While some might dread it, I am not opposed to Christmas shopping.
Perhaps it has to do with the stimulation of a much atrophied hunter/gatherer instinct – spending hours that seem like days, travelling from store to store, mentally blocking out the infinite loop of tinny sounding Christmas carols playing in the background while driven by some biologically pre-programmed determination to locate that perfect, or at least pragmatic, gift to bring home.
And that’s not even taking into account the survival of the quickest that is holiday parking at the shopping malls.
OK, so maybe I’m not entirely crazy about Christmas shopping.
I do, however, enjoy seeking gifts for my son who, as it happens, is into a lot of the things I was into around his age: Star Wars, superheroes, Lego, video games, etc., all of which are still well represented in toy and electronics sections.

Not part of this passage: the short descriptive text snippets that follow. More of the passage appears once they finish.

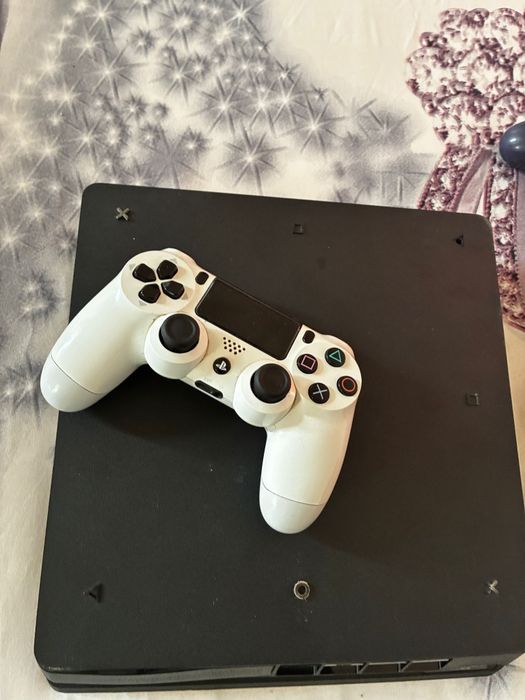 Playstation 4 slim impecabil
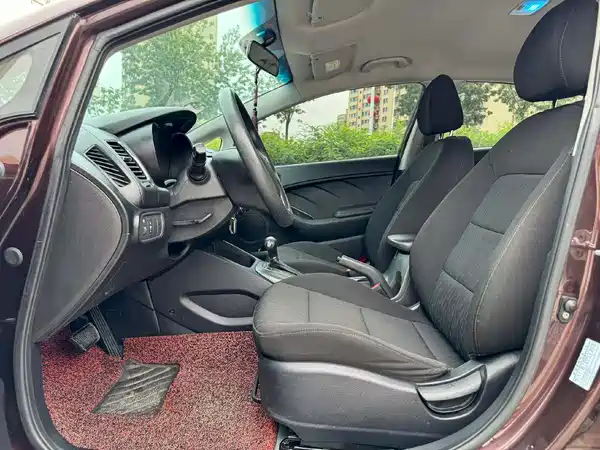 Kia K3 2013
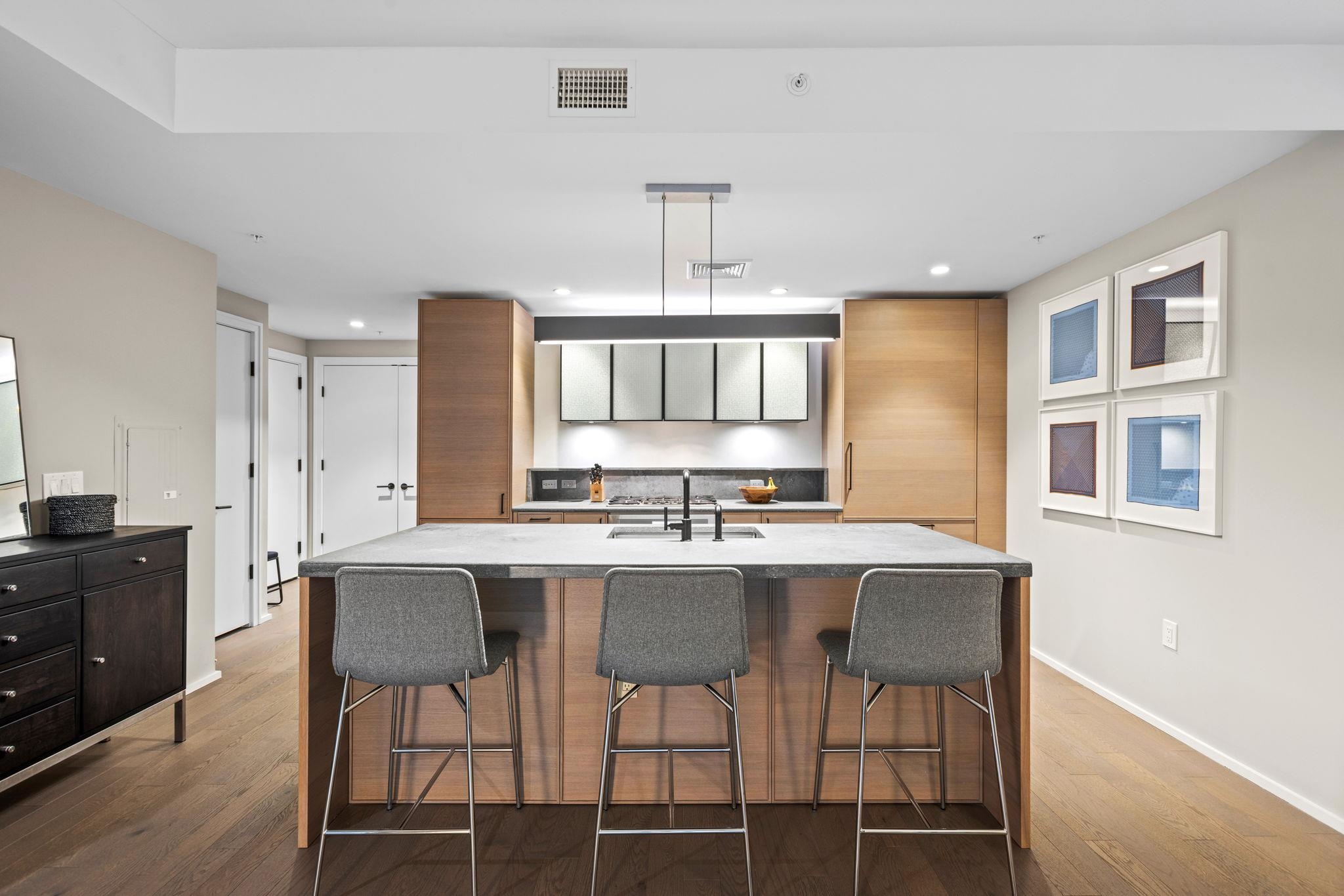 1425 HUDSON ST Unit: 6B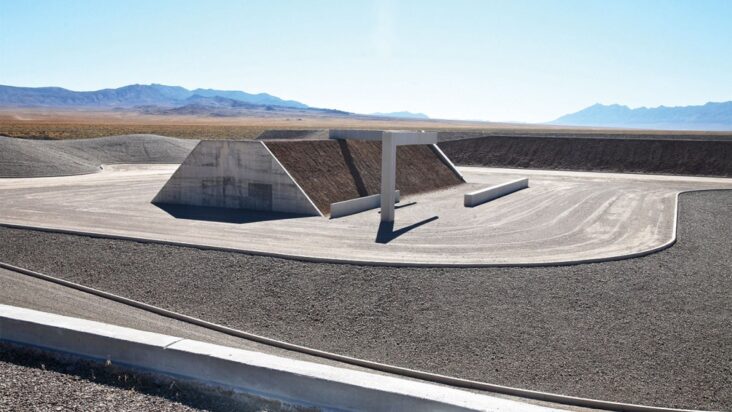 cómo visitar la ‘ciudad’ de michael heizer en las afueras de las vegas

I don’t doubt a lot of these retro-inspired toys are just as much targeted at people my age as they are to our kids. (Yes, I can admit to owning a Star Wars lego set or two, though they stay in my son’s room so they’re not just gathering dust.)
I suppose it’s partially my fault that my son’s generation has few pop-cultural playthings to call their own – their choices limited by a market driven by the nostalgia of my fellow 40-something man-children, along with a lack of imagination from toy manufacturers.
This doesn’t seem to bother my son though and, when he unwraps his gifts from Santa, it’s an exciting time for us both.
My dad was a keen Christmas shopper when it came to toys and gifts. I wonder if he too enjoyed the hunt? He never really seemed interested in the toys themselves. Mind you, a few years back, I found The Vancouver Museum had acquired a Woodward’s employee manual issued to my dad in 1958. In the manual, he is listed as a part-time sales clerk in their toy department.
Finding that manual felt as though I’d received another Christmas gift from my dad – a moment of awe and excitement segueing to exhilaration.
Maybe this is what drives the hunt – what makes Christmas shopping bearable – being able to share such a magical, memorable moment with my son. And when I’m done unwrapping my toys…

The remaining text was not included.